Among the lines below, copy exactly those from the one with "𝐀𝐜𝐭𝐮𝐚𝐥𝐢𝐳𝐚𝐜𝐢𝐨́𝐧 𝐑𝐮𝐭𝐚 𝐂-𝟏𝟕" through the one with "Entre los km", counting both ends.

▶ _Material to process_:
________________________________________

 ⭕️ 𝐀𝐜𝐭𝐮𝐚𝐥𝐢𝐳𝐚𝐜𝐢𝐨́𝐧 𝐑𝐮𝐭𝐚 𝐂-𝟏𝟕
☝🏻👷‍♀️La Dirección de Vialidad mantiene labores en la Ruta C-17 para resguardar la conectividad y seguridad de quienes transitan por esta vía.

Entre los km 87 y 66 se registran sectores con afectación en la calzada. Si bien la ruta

________________________________________

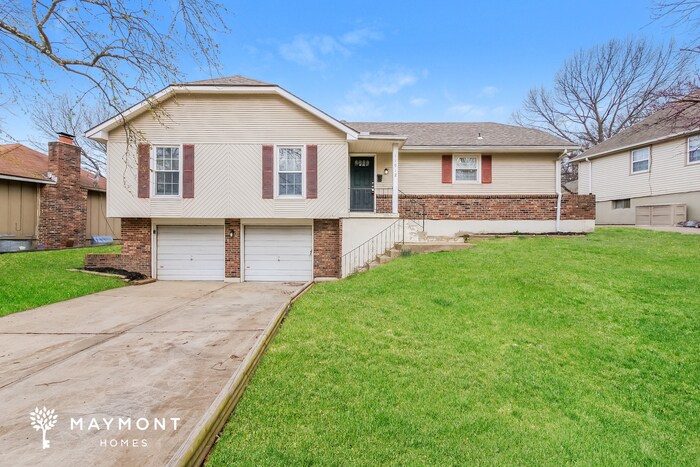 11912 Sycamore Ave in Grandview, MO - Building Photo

________________________________________

▶ _Exercise answer_:
 ⭕️ 𝐀𝐜𝐭𝐮𝐚𝐥𝐢𝐳𝐚𝐜𝐢𝐨́𝐧 𝐑𝐮𝐭𝐚 𝐂-𝟏𝟕
☝🏻👷‍♀️La Dirección de Vialidad mantiene labores en la Ruta C-17 para resguardar la conectividad y seguridad de quienes transitan por esta vía.

Entre los km 87 y 66 se registran sectores con afectación en la calzada. Si bien la ruta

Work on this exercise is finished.